UPDATED 02:17 EST / MARCH 27 2017

APPS

Advertiser exodus from YouTube catches fire as Google stands to lose millions

Google Inc. stands to lose millions of dollars as more companies boycott advertising on the site after ads appeared next to content promoting hate speech.

The U.K. government pulled all of its ads from YouTube last week because some of them appeared on extremist channels, and now a slew of companies around the world has gotten on board and joined the exodus. Some of the biggest names so far to boycott the site include Wal-Mart Stores Inc., PepsiCo Inc., The Coca-Cola Co., Starbucks Corp., AT&T Inc., Verizon Communications Inc., Volkswagen Group AG and the BBC.

Australia’s General Motors-Holden’s Ltd. and Kia Motor Corp. are the latest companies to join that list over the weekend. The companies opted to pull advertising after their ads appeared next to a misogynistic video. “We value our good relationship with Google but in line with General Motors’ global response and Holden’s diversity stance, we have instructed our media agency to temporarily suspend all advertising on YouTube until we are confident Google can protect our brand from inappropriate or offensive content,” Holden said in a statement.

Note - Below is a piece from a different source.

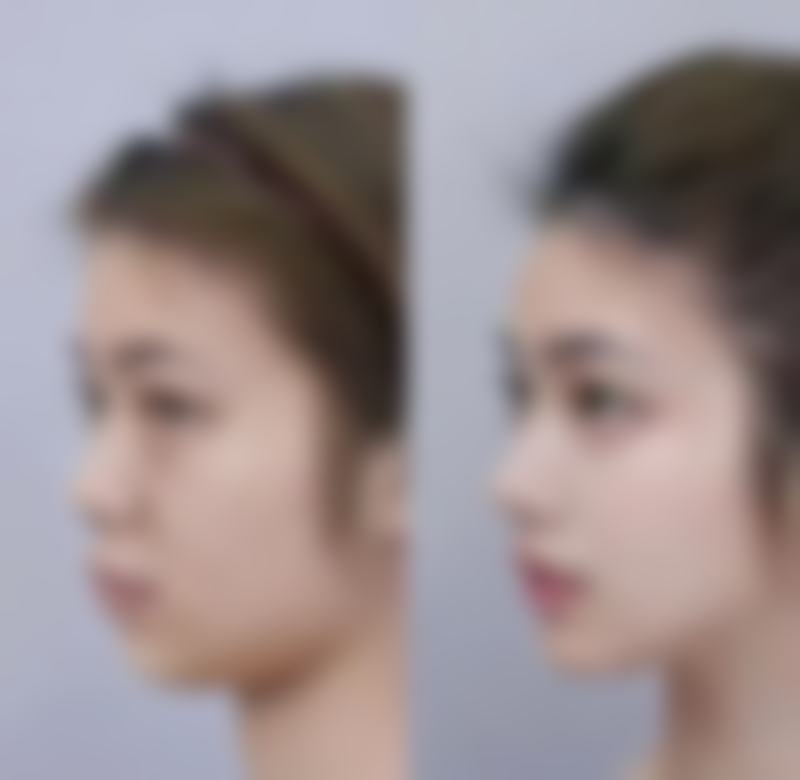 医学美容改善,应对明显疤痕问题
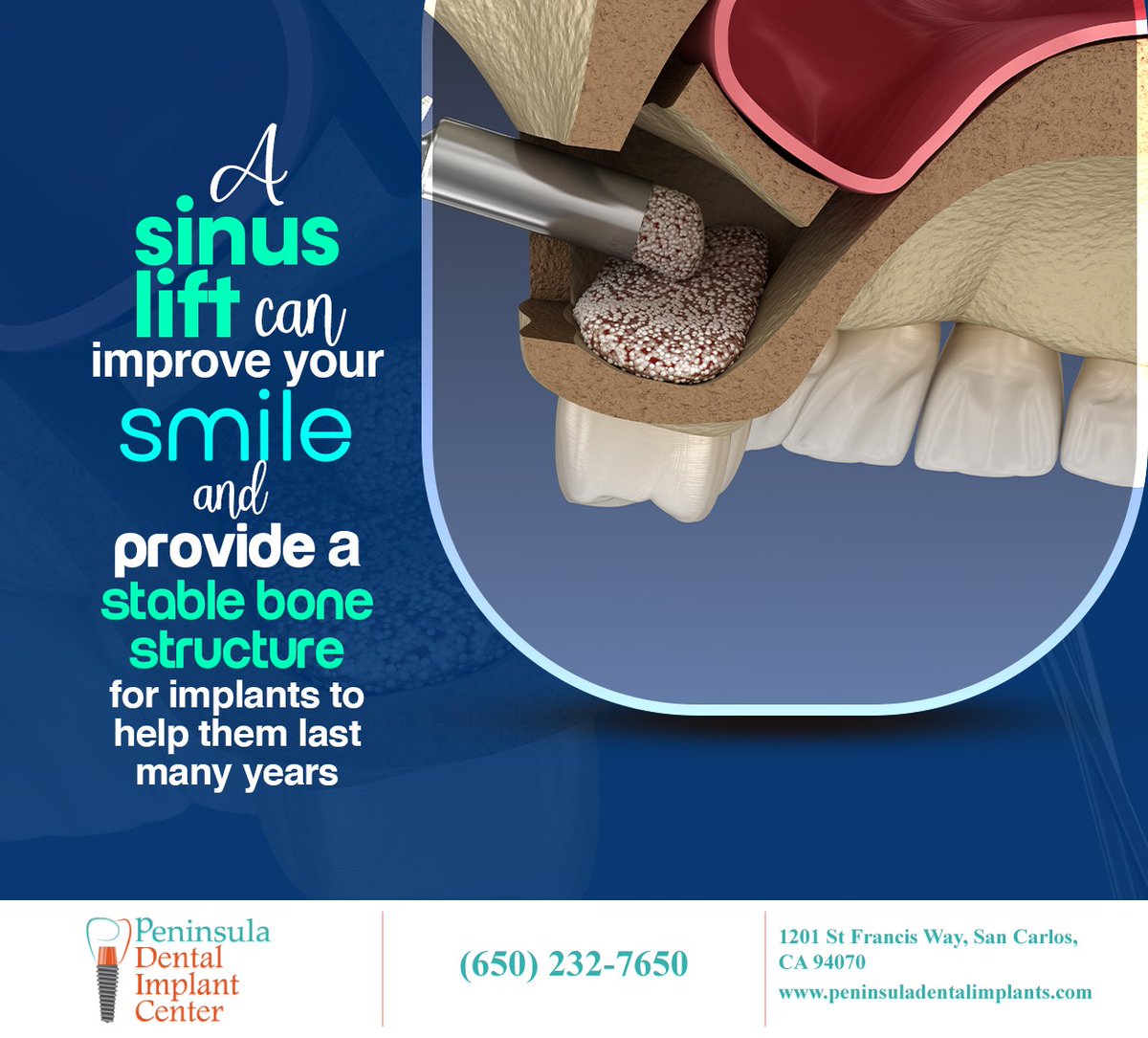 DrShivaniGupta1's tweet image. Sinus augmentation, also known as sinus lift surgery, raises the sinus floor and allows new bone to develop to provide a stable foundation for dental implants. Learn more at peninsuladentalimplants.com #sinusaugmentation #sancarlos #CA #peninsuladentalimplants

Kia issued a statement saying that until YouTube could fix the problem of programmatic advertising and its name appearing next to repugnant content, its ads “will remain suspended until such time as we can meet with Google to further clarify the application of this type of advertising.”

Google has responded to the crisis by promising to raise the bar regarding its ad policies, which will include “removing ads more effectively from content that is attacking or harassing people based on their face, religion, gender, or similar categories.” Although companies do have some control over where their ads appear, it seems YouTube still has some work to do on refining its ad placement algorithms.

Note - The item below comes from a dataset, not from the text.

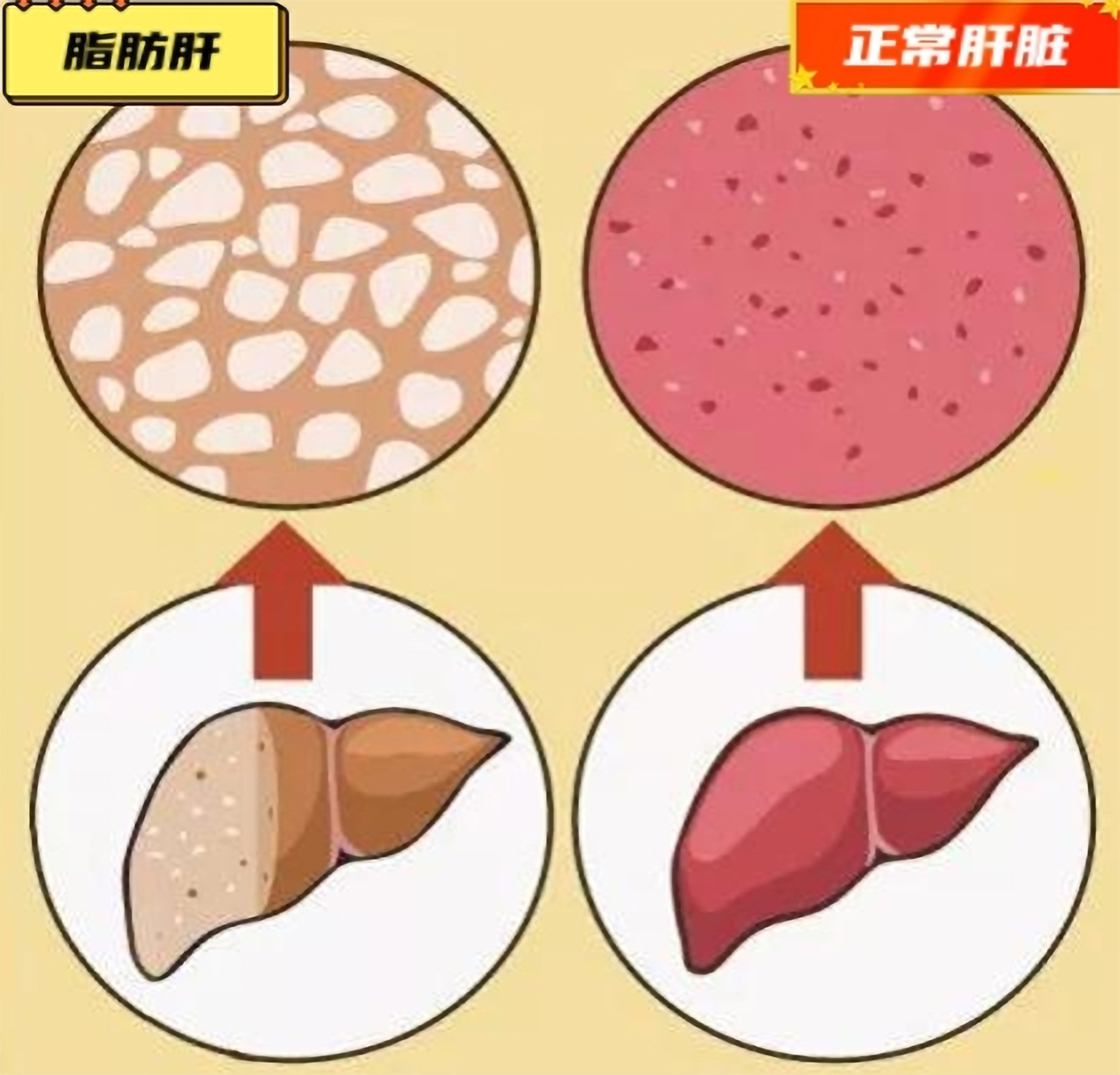 你的肝脏需要减肥吗？(图1)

Google has taken most of the heat, but it’s far from alone. Some critics said this is just what happens when you use programmatic, or automated, advertising. “If you’re trusting an ad algorithm to do this, this is what can happen,” Andy Kill, spokesman for genetic testing company 23andMe Inc., told The Washington Post. Companies can choose what kind of site their ads appear on, but with programmatic advertising an algorithm will choose where the ad appears, based on the habits and web history of the person browsing.

“This marks a turning point for YouTube,” Alex Krasodomski-Jones, a researcher at U.K. think-thank Demos, told The Guardian. “For the first time, it’s dealing not only with reputation damage but revenue damage.” Google’s ad system reportedly generated around $79 billion last year, with around $5.6 billion coming from YouTube. That number was predicted to rise, before the present boycott hit the company.

How much it will affect Google remains uncertain. “Google will have a harder time persuading advertisers to shift spending to Google – and YouTube in particular – from TV than might otherwise have been the case,” Pivotal Research Inc. analyst Brian Wieser wrote in a note to clients. “It will also be less likely to receive new budgets without more scrutiny than it previously would have received. If large brands, representing a quarter of Google’s total spending, are the only advertisers who are concerned about the issue, and that spending was increasing at 20-25 percent or 25-30 percent annually, our guess is that spending increases more like 15-20 percent and 20-25 percent this year and next.”

The bottom line, he wrote: about a 1 percent impact on revenues. “Not particularly significant vs the rest of Google’s business, but not nothing, either.”